Rogue One: Star Wars filmi. Feel good movie olmasa da eğlencelik, bence güzel bi film. Aklımda nerdeyse hiçbi şey kalmamış. Amacına ulaşmış benim açımdan, bariz saçmalıklar yoktu. Star Wars çılgınları ne düşünür bilmiyorum.

Arrival: Sinemadan çıkınca tekrar izleme isteği uyandırdı bende, daha iyi sindirmem için gerekli gibi. Başkarakteri oynayan Amy Adams'ın bakışlarından hiç gitmeyen endişe duygusu beni yorsa da, sevdim filmi. Uzaylı filmi deyip geçmiştim afişi görünce fakat öyle değilmiş. Önyargılarımız, savunma refleksimiz, her yabancıyı masumiyetini kanıtlayana kadar düşman saymamız gibi tuhaflıklarımızı vurguluyor film.

Shindler's List: Evet, çok ayıp, ilk defa izledim bikaç hafta önce. Güzel filmmiş hakketen. Acı gerçekleri öğrenmeye alıştım son zamanlarda, yalama oldum ya da insanlıktan çıktım belki, sadece en sonunda gözlerim doldu. Kendime şaştım.

Hedi: Tunus'ta anasının dizinin dibinden ayrılmayan, yirmili yaşlarında bi oğlan çocuğu. Gelenekler, yapılması gerekenler, okumak, iş bulmak, evlenmek, çocuk yapmak, kendi keyfini düşünmemek, ailenin gurur duyacağı şeyler yapmak, aileye karşı gelmemek... Doğudan, aileden, batıya, Avrupa'ya kaçma isteği uyandıran şeyler kısacası. Bir de Arap Baharı'nın ardından hissedilen hayal kırıklığı, Gezi'yi hatırlatan diyaloglar...
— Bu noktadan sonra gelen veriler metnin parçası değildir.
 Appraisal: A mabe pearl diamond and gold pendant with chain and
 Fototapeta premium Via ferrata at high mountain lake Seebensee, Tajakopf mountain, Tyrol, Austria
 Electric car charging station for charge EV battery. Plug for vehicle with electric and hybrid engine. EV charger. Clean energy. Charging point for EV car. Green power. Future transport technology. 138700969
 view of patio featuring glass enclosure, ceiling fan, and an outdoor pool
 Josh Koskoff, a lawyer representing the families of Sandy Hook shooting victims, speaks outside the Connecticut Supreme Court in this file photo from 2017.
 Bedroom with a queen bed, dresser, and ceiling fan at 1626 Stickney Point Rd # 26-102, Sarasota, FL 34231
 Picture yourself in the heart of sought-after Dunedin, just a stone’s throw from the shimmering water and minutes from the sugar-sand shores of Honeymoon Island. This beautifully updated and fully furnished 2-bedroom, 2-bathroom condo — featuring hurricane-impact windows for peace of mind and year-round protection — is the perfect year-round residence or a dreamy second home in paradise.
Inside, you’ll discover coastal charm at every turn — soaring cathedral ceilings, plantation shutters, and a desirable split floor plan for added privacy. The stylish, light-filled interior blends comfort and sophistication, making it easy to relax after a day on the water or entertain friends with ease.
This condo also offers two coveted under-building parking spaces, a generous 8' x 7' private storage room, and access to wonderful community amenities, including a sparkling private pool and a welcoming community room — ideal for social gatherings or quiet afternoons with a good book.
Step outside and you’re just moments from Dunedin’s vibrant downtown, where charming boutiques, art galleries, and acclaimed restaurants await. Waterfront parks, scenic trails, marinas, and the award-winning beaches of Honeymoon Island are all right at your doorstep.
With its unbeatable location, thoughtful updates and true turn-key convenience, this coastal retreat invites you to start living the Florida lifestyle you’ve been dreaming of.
Etat de Siege (Sıkı Yönetim): Costa Gavras'la tanışma filmim bu da. 1970 filmi. Devrim amaçlı uygulanan şiddeti ve sınırlarını sorgulatıyor insana. Örneğin birini kaçırıp devleti tehdit etmek ne zaman meşru sayılabilir? Devlet rehineyi gözden çıkarırsa ne olur? Baştan öldürürüz diye tehdit ettiyseniz fakat öldürmeye meraklı bi örgüt değilseniz ya? Öldürürseniz halktan aldığınız desteği kaybedebilirsiniz, propaganda dünyası "devrimci dedikleriniz aslında terörist" diye  çınlatır ortalığı. Öldürmezseniz bütün ciddiyetinizi kaybedersiniz. Emperyalizmin yaşaması üç beş insanın hayatına bağlı değil, der film, öldürmekle yenemezsin onu. Ya da ben bunu anladım.
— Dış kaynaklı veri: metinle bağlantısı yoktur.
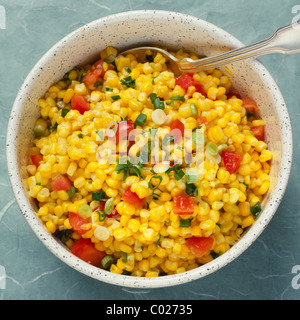 corn relish in bowl with spoon Stock Photo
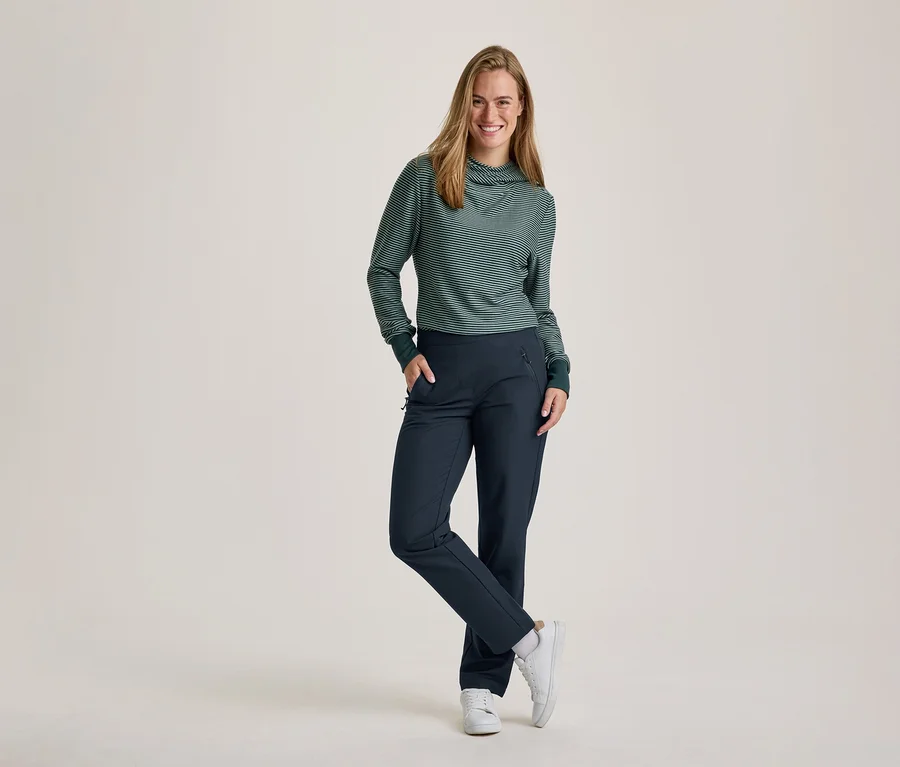 Une femme souriante aux cheveux longs se tient debout, une main dans la poche et une jambe croisée. Elle porte un haut à manches longues rayé vert et blanc avec un col roulé, un pantalon bleu foncé et des baskets blanches.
Putin'in Rusyası:  2011 belgeseli. Putin öncesi, başa geçişi ve sonrası. Ne kadar tarafsız olduğunu bilemem ama yakın geçmiş olaylarına şöyle bi göz atmak için faydalı. Öte yandan Batıyla kavgası medeniyete gıcığı olan bünyeme haz vermedi değil.

Weiner: 2016 ABD yapımı belgesel. Hillary Clinton'ın ekibinden olan Weiner'in, seks içerikli fotoğraf ve yazışmalarının sosyal medyada yayılması üzerine ettiği kavgaları anlatıyor. Siyasetin nasıl ikiyüzlü bi şey olduğunu bu kadar net görünce kimseye oy vermeme isteği uyanıyor insanda. Bu da Amerikanın oyunu olsa gerek, oyuna gelmeyin, büyük resmi görüp oy verin yine de.

Bakur: PKK'da günlük hayat ve sıradan PKKlılar ne düşünüyor, konulu 2016 yapımı belgesel. Ayrıntılı olarak yazmıştım daha önce.